▸ **Exercise**: Say how many lines in the records hold the word "Toyota", and give nothing but that number.

:: Exercise data

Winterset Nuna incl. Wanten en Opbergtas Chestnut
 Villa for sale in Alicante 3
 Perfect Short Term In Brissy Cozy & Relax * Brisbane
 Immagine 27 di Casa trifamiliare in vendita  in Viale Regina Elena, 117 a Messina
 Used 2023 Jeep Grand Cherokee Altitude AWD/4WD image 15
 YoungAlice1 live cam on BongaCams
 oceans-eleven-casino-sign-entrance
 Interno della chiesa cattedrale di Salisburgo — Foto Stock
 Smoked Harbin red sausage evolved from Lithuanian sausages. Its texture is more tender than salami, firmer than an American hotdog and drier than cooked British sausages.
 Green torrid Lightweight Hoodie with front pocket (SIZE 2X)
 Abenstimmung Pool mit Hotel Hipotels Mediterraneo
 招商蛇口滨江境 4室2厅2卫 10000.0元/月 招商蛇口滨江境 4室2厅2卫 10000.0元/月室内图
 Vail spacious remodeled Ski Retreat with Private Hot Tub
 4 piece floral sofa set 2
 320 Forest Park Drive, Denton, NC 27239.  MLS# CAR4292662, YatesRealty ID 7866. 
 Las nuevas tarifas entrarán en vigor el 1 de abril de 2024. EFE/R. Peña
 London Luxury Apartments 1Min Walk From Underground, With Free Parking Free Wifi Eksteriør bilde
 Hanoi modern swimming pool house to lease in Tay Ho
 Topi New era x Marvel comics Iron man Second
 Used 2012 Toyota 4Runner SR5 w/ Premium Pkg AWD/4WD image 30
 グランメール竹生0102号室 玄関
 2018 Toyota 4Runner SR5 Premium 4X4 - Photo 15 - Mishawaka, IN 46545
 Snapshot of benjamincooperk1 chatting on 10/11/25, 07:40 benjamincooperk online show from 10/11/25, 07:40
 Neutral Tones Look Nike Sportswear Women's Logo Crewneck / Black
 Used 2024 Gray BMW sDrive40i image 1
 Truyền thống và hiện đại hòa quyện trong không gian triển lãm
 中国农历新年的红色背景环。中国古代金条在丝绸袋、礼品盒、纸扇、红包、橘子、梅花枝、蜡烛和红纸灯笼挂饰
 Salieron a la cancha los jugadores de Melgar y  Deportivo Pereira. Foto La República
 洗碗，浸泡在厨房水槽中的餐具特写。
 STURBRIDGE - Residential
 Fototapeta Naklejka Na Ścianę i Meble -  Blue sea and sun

::::

▸ **Reply**: 2